Start of LISTED ENTRIES
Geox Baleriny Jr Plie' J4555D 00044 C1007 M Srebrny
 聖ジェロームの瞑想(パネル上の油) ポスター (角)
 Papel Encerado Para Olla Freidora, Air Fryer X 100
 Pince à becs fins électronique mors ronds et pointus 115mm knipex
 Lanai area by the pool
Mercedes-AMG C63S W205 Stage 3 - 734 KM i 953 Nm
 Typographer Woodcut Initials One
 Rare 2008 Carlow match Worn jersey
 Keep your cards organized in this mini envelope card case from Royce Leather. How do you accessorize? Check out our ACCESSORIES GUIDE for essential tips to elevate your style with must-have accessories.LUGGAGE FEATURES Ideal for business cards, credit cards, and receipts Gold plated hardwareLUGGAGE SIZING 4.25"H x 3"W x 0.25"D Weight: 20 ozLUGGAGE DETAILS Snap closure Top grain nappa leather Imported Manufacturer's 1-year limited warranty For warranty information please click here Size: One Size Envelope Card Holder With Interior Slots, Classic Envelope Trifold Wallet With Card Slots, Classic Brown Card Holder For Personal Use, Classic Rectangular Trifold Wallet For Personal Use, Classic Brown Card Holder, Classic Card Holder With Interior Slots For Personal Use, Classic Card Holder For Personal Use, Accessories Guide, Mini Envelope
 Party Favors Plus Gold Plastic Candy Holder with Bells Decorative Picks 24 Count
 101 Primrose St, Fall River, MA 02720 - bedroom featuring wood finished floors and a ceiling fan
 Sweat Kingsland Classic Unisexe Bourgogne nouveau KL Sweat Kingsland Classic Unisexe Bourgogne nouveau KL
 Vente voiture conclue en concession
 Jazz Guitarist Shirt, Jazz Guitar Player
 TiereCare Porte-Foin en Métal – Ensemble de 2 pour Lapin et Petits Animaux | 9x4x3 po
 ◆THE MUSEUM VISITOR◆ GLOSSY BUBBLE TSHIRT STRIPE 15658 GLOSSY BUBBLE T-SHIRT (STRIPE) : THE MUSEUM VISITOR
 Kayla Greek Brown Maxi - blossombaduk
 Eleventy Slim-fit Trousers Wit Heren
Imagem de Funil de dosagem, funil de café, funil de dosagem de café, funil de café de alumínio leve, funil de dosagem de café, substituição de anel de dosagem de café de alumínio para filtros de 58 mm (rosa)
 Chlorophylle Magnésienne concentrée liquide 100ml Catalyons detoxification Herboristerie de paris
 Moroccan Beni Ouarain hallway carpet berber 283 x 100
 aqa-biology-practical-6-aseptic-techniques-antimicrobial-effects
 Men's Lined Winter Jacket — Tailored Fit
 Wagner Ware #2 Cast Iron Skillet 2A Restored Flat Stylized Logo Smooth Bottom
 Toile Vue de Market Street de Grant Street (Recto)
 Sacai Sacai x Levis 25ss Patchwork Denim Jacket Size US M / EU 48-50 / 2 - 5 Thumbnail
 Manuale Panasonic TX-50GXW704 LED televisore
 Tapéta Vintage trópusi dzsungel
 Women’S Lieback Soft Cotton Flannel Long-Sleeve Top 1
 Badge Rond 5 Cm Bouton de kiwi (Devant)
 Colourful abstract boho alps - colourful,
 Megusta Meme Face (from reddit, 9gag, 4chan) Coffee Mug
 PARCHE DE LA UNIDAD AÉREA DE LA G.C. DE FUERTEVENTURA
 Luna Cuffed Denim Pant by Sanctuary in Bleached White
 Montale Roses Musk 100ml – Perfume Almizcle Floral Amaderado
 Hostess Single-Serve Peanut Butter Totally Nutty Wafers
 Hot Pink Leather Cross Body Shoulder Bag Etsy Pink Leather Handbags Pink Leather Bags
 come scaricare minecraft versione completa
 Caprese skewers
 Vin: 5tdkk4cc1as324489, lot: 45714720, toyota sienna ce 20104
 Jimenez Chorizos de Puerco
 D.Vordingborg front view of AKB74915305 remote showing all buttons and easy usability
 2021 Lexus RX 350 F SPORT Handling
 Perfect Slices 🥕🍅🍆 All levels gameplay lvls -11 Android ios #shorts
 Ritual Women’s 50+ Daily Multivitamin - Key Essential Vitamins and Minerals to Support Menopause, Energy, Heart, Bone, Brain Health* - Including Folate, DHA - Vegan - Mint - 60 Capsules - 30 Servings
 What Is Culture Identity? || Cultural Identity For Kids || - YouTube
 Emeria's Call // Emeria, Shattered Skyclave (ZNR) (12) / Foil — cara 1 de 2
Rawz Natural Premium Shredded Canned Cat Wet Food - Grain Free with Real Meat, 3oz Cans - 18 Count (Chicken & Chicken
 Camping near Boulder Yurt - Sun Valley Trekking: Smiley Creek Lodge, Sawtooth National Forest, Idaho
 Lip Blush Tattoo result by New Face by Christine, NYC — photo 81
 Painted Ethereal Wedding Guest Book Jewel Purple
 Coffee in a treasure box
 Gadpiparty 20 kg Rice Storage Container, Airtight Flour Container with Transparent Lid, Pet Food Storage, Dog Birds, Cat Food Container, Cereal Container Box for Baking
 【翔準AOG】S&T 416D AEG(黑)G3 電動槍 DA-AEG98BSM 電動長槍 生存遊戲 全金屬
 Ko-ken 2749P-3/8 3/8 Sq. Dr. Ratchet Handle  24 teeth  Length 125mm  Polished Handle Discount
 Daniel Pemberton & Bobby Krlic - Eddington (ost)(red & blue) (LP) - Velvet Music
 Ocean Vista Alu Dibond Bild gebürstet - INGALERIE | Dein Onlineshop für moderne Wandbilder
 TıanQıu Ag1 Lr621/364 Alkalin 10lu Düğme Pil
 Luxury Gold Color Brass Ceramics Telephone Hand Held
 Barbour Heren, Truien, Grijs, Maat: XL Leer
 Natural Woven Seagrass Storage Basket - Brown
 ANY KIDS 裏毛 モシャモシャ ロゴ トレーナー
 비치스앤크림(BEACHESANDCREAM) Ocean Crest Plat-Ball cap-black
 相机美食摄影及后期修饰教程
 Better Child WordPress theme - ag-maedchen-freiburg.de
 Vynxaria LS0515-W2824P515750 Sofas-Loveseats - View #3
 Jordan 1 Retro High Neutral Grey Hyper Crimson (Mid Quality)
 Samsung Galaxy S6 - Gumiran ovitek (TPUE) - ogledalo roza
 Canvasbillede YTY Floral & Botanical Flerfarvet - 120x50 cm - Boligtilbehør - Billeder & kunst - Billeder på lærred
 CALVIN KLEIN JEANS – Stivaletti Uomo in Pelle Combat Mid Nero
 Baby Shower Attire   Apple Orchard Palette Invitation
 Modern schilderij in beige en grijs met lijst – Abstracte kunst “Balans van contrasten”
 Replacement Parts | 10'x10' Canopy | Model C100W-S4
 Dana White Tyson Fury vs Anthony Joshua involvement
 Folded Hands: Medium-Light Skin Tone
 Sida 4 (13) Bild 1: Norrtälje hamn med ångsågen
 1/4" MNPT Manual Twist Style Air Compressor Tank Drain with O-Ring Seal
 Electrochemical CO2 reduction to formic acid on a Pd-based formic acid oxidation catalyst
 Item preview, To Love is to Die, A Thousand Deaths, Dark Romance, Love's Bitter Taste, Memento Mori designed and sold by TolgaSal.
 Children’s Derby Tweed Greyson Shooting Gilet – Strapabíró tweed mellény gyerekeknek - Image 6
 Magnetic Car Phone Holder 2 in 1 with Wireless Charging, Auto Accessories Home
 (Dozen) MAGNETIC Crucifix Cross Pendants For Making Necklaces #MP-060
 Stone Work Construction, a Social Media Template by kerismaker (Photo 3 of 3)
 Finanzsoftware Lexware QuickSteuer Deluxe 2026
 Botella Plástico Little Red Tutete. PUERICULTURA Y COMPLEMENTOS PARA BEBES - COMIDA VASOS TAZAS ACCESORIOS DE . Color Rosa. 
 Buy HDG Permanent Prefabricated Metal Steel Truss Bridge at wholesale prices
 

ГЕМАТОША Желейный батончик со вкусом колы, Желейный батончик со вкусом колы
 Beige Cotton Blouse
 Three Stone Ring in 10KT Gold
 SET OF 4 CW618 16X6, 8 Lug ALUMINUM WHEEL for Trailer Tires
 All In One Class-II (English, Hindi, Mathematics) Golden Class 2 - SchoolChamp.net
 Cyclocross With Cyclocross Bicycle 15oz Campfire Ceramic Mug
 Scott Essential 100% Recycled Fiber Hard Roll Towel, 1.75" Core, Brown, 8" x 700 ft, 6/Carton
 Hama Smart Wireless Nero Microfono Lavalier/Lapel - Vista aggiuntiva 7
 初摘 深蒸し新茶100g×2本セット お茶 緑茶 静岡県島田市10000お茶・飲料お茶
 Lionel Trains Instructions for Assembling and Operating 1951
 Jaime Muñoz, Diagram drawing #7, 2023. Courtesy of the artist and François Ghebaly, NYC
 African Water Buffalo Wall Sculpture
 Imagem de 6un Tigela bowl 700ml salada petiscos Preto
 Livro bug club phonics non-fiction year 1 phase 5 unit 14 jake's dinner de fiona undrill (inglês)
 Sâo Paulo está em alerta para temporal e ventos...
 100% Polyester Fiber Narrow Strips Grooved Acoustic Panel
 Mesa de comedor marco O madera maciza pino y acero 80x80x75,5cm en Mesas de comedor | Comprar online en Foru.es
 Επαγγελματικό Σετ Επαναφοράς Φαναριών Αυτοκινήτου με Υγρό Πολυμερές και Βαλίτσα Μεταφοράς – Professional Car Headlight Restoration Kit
End of LISTED ENTRIES
■ **THE TASK**: Set down exactly the lines of the data above, beginning with the line that has "Lip Blush Tattoo" and ending with the line that has "CALVIN KLEIN JEANS", and no others.

■ **YOUR RESPONSE**:
 Lip Blush Tattoo result by New Face by Christine, NYC — photo 81
 Painted Ethereal Wedding Guest Book Jewel Purple
 Coffee in a treasure box
 Gadpiparty 20 kg Rice Storage Container, Airtight Flour Container with Transparent Lid, Pet Food Storage, Dog Birds, Cat Food Container, Cereal Container Box for Baking
 【翔準AOG】S&T 416D AEG(黑)G3 電動槍 DA-AEG98BSM 電動長槍 生存遊戲 全金屬
 Ko-ken 2749P-3/8 3/8 Sq. Dr. Ratchet Handle  24 teeth  Length 125mm  Polished Handle Discount
 Daniel Pemberton & Bobby Krlic - Eddington (ost)(red & blue) (LP) - Velvet Music
 Ocean Vista Alu Dibond Bild gebürstet - INGALERIE | Dein Onlineshop für moderne Wandbilder
 TıanQıu Ag1 Lr621/364 Alkalin 10lu Düğme Pil
 Luxury Gold Color Brass Ceramics Telephone Hand Held
 Barbour Heren, Truien, Grijs, Maat: XL Leer
 Natural Woven Seagrass Storage Basket - Brown
 ANY KIDS 裏毛 モシャモシャ ロゴ トレーナー
 비치스앤크림(BEACHESANDCREAM) Ocean Crest Plat-Ball cap-black
 相机美食摄影及后期修饰教程
 Better Child WordPress theme - ag-maedchen-freiburg.de
 Vynxaria LS0515-W2824P515750 Sofas-Loveseats - View #3
 Jordan 1 Retro High Neutral Grey Hyper Crimson (Mid Quality)
 Samsung Galaxy S6 - Gumiran ovitek (TPUE) - ogledalo roza
 Canvasbillede YTY Floral & Botanical Flerfarvet - 120x50 cm - Boligtilbehør - Billeder & kunst - Billeder på lærred
 CALVIN KLEIN JEANS – Stivaletti Uomo in Pelle Combat Mid Nero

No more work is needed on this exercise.